• **Exercise materials**:
----------

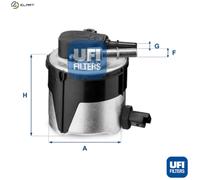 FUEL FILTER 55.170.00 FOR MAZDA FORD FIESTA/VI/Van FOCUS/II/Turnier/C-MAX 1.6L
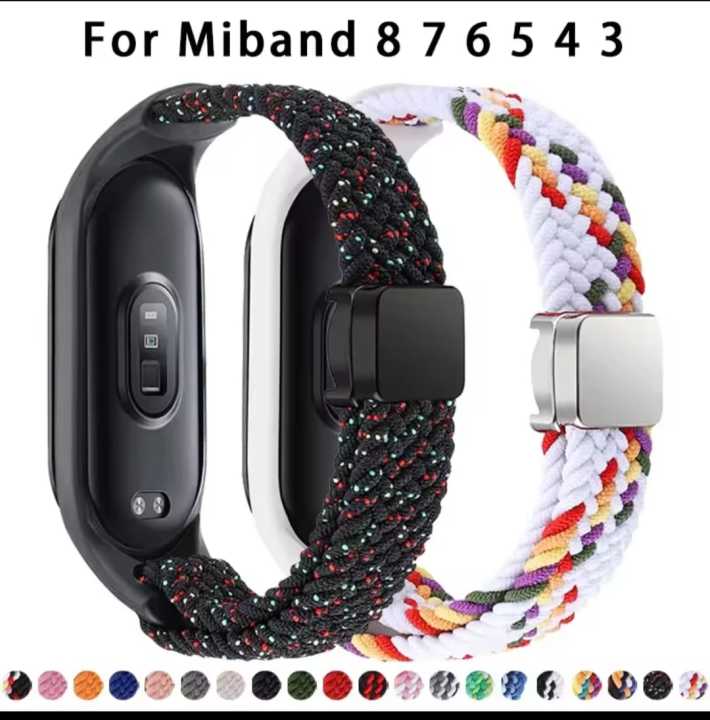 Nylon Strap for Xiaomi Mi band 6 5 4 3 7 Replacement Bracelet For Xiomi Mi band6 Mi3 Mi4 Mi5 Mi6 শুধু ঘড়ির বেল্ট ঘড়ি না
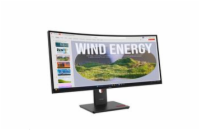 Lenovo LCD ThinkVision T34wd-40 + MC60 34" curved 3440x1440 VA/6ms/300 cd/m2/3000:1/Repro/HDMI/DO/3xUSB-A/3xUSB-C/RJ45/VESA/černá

----------

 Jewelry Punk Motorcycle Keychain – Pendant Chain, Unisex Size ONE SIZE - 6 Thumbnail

----------

• **Directions**: Every line above in the stretch from the one with "FUEL FILTER 55.170.00" through the one with "Lenovo LCD ThinkVision" is to be transcribed exactly, ends included. No picture is copied.

• **Reply**:
 FUEL FILTER 55.170.00 FOR MAZDA FORD FIESTA/VI/Van FOCUS/II/Turnier/C-MAX 1.6L
 Nylon Strap for Xiaomi Mi band 6 5 4 3 7 Replacement Bracelet For Xiomi Mi band6 Mi3 Mi4 Mi5 Mi6 শুধু ঘড়ির বেল্ট ঘড়ি না
 Lenovo LCD ThinkVision T34wd-40 + MC60 34" curved 3440x1440 VA/6ms/300 cd/m2/3000:1/Repro/HDMI/DO/3xUSB-A/3xUSB-C/RJ45/VESA/černá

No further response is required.